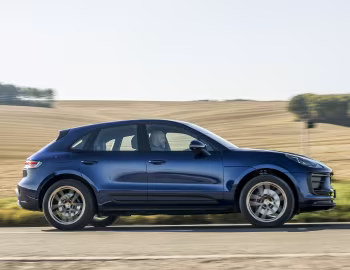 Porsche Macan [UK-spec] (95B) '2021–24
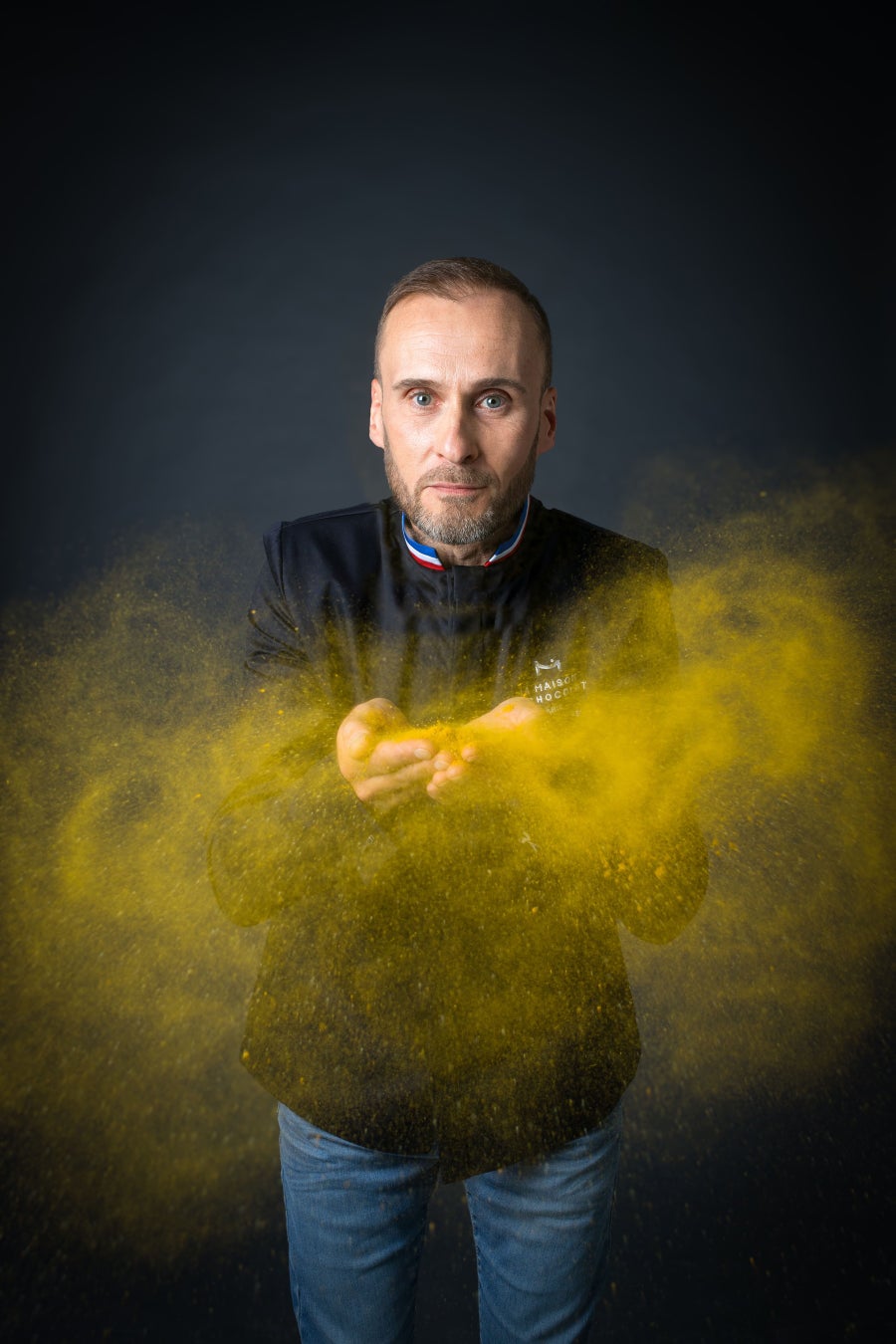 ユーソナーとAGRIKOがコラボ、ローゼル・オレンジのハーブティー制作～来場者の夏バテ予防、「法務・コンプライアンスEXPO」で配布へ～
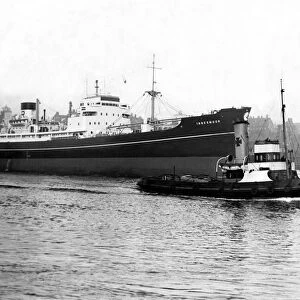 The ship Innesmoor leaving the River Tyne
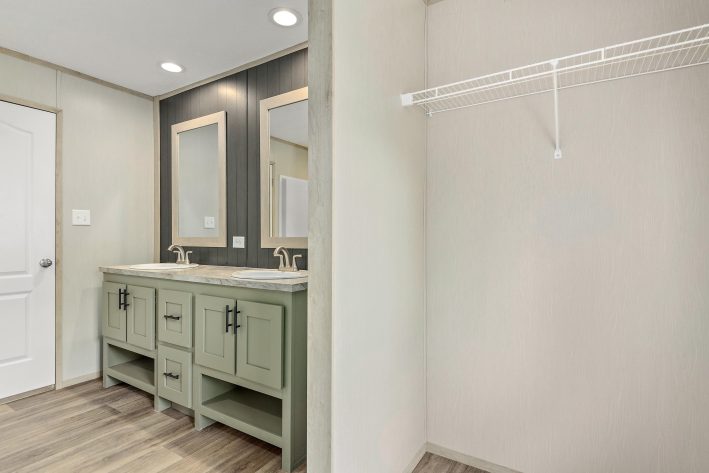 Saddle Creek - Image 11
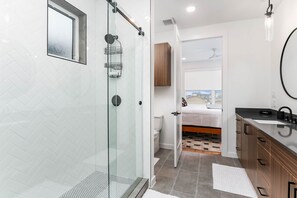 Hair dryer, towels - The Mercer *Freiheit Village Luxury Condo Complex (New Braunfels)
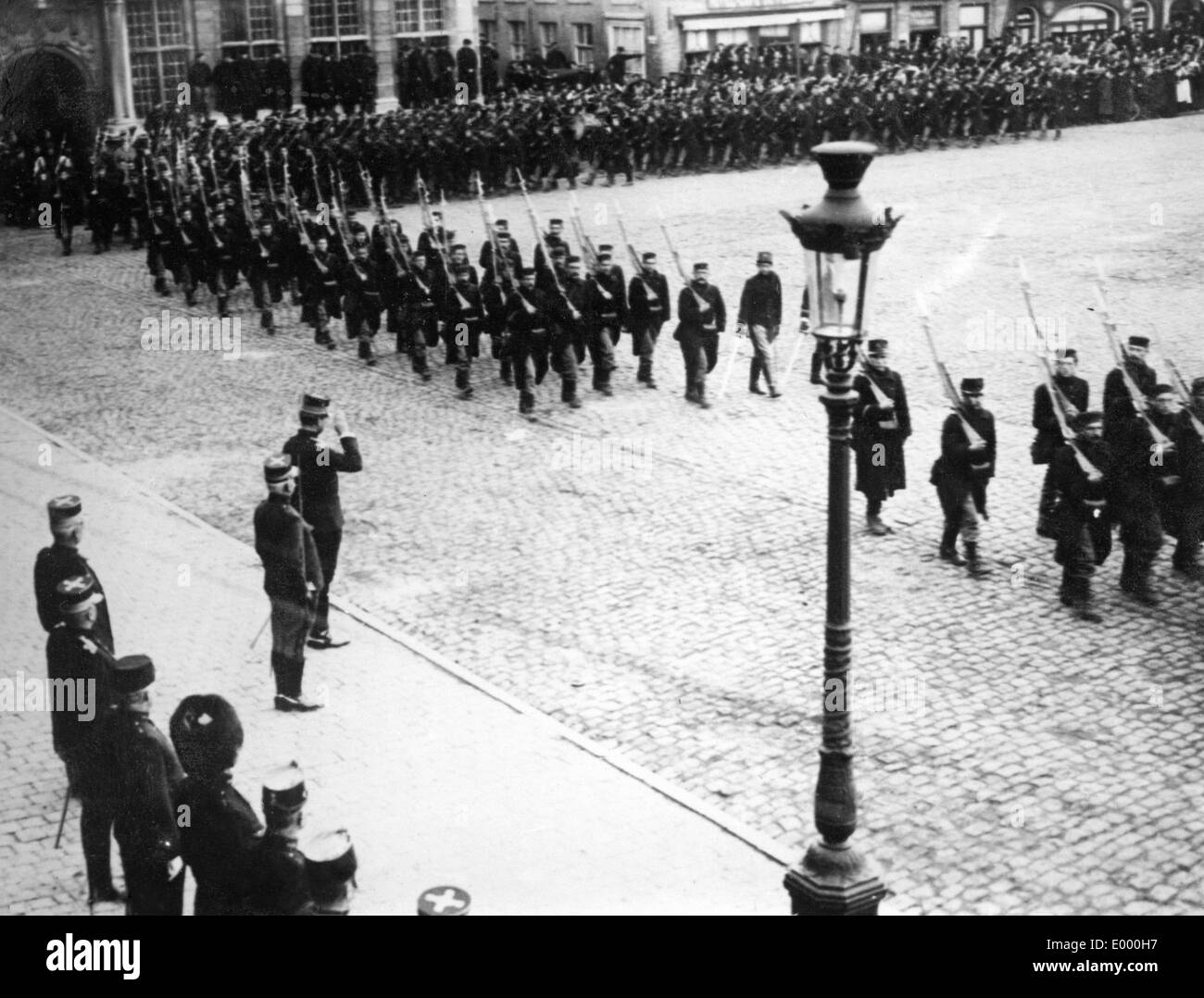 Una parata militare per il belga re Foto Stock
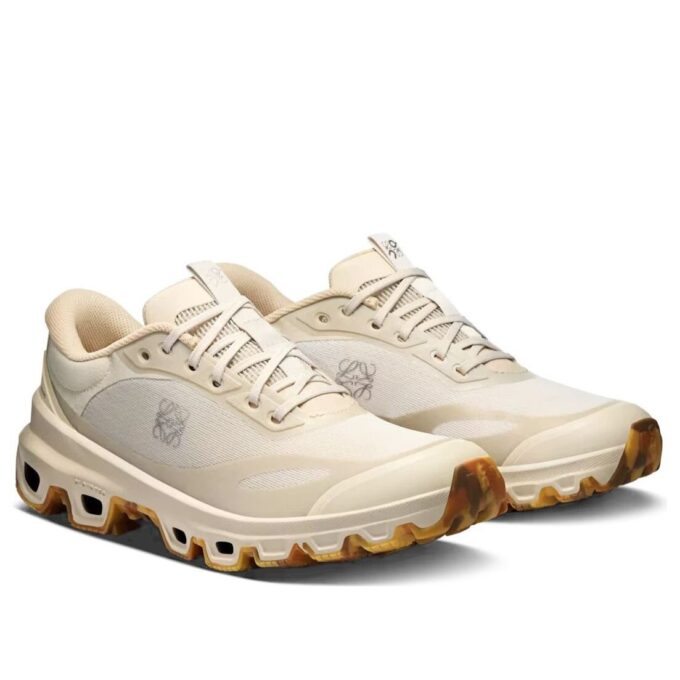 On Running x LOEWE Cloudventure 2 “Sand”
==================================================
### WHAT TO PRODUCE
No pictures belong in the copy; quote exactly the lines from the line containing "Una parata militare" through the final line of the material, both ends included.

### ANSWER BOX
 Una parata militare per il belga re Foto Stock
 On Running x LOEWE Cloudventure 2 “Sand”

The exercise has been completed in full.